Power has worked at the operator for 24 years. He started out as a board marker in his local retail outlet before bookmakers had TVs in shops. He has worked in almost every department, but his true calling is in brand, which he has loved working in for the past decade or so. “This is just how I am, so it is easy for me,” he says. “If it was a boring brand of photocopiers that I had to represent then my job would be a lot harder. But this is fun and edgy, and you get into trouble sometimes, which is great.”
And Power is likely to take on even more responsibility as a result of Spillane’s content-led approach, further entrenching his role as the face of the brand. He spearheads the operator’s video content as a presenter and is already the voice of the bookmaker on the radio. Spillane says: “Paddy is gifted in front of a camera. I worked in broadcasting and there are broadcasters with many years of experience that don’t do as well. Just give Paddy a mic and tell him he has to talk about some shite for an hour and it will be grand and engaging.”

A live crocodile in tribute to the operator’s Shave The Rainforest campaign
Power, retreating modestly into his chair after being showered with such lavish praise, adds: “It suits me personally the direction that we’re going in and the decision to make more content. I like that and really enjoy it, so it’s selfish but it works. It is compelling and exciting. There is a lot of more important marketing stuff that is numbers based and statistics based, but I absolutely love this.”
Power’s enthusiasm for the operator’s content-overload approach is clear. He says: “The marketing world has almost gone full circle. It felt like in the very recent past that creativity in marketing was just not important anymore. It was all about numbers and brands meant nothing. Now, there is a lack of creativity in the marketplace, so the opportunity for a company like ours is great. People are crying out for something entertaining because marketing has been too generic for the last decade.”
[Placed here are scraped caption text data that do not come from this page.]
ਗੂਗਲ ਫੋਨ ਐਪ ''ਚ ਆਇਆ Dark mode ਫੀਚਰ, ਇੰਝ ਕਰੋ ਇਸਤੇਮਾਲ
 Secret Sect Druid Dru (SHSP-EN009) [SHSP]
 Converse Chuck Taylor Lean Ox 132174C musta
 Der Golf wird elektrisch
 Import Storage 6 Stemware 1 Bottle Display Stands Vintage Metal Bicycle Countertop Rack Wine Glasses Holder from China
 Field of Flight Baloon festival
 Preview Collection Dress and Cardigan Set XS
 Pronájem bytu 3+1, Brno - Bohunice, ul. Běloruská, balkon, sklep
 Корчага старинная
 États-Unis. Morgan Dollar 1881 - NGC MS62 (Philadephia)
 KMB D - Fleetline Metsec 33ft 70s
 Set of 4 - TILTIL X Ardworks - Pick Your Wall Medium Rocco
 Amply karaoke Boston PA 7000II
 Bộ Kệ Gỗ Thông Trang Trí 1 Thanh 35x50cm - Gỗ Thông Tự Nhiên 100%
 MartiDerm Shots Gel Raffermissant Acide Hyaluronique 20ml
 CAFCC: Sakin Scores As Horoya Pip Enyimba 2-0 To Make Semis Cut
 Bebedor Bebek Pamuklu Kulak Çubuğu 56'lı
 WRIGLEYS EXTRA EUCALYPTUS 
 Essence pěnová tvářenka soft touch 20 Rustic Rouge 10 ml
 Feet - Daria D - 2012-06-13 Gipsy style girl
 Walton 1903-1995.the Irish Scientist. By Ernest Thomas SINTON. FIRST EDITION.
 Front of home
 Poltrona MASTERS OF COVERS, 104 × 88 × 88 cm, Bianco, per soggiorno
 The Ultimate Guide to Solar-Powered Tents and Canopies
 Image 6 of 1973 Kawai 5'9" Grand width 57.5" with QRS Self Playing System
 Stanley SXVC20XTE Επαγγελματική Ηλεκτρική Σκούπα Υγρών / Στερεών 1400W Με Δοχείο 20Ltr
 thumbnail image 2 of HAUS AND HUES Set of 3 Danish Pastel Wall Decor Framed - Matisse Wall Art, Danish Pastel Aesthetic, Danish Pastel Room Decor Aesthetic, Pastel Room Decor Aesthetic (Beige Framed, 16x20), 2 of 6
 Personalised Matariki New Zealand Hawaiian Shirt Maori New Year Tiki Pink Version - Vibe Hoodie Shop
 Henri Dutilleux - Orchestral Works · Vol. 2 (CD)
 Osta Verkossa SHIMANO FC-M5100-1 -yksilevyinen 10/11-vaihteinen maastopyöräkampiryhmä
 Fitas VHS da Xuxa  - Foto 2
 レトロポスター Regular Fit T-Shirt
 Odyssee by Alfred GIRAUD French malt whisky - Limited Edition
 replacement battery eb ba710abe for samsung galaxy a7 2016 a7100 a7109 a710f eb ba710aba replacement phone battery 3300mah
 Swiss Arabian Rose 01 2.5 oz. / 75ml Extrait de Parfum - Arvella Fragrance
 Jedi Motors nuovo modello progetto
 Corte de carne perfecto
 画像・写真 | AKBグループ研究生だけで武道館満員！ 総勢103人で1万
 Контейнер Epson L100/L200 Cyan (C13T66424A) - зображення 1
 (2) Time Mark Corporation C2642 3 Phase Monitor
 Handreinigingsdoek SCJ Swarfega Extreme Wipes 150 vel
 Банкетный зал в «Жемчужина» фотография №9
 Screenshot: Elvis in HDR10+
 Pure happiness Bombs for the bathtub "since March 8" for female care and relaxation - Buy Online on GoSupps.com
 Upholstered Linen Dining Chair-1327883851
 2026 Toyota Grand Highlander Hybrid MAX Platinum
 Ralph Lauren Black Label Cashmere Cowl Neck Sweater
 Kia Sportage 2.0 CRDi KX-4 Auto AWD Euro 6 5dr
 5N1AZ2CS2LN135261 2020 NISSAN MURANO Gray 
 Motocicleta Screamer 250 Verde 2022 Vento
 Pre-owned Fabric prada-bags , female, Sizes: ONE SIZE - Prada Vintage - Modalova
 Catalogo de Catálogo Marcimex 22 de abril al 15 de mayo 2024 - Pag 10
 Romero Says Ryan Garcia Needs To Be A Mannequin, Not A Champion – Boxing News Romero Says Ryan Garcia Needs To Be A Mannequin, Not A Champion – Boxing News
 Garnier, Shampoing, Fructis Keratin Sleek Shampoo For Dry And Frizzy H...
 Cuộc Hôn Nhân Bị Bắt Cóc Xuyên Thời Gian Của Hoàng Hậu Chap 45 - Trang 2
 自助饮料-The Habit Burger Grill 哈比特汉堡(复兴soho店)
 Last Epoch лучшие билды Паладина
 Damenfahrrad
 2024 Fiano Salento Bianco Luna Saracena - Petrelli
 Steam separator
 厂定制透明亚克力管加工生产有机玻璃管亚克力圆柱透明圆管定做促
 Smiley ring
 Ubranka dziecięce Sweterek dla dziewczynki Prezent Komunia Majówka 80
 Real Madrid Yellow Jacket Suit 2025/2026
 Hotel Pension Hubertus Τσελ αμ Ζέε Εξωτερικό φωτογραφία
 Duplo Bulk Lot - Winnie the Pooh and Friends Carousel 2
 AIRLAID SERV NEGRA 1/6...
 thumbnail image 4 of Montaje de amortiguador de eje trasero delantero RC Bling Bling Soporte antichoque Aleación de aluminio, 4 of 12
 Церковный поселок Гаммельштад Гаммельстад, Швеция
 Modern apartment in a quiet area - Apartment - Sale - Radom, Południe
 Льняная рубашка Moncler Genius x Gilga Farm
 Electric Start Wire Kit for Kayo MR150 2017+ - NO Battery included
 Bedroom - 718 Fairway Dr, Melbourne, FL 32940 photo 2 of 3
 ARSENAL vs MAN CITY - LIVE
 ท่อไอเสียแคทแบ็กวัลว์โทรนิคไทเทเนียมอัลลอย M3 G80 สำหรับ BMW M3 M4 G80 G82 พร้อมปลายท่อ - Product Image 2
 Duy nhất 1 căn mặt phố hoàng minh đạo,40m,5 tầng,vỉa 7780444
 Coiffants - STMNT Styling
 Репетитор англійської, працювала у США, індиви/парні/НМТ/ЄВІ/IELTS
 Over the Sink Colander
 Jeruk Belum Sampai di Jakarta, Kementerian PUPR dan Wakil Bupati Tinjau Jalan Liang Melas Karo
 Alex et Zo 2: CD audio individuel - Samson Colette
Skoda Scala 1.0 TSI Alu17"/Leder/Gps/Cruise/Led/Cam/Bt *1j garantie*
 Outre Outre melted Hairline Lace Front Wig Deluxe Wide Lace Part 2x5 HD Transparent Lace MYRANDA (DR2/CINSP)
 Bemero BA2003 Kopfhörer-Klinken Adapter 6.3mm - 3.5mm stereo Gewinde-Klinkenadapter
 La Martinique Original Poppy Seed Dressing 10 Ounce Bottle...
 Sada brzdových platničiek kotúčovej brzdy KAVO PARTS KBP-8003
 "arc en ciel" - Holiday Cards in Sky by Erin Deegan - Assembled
With a new emphasis on pumping out even more content, Paddy Power will continue to delight and offend in equal measure, stirring up debate as it always has. The operator’s strategy is to go hell for leather on creativity and pump investment into the best asset they have – the brand itself. Power concludes: “Anything different gets shouted down by the judge and jury that is social media these days. It is good to be brave. Put your hand out and prepare to get slapped is what I say.”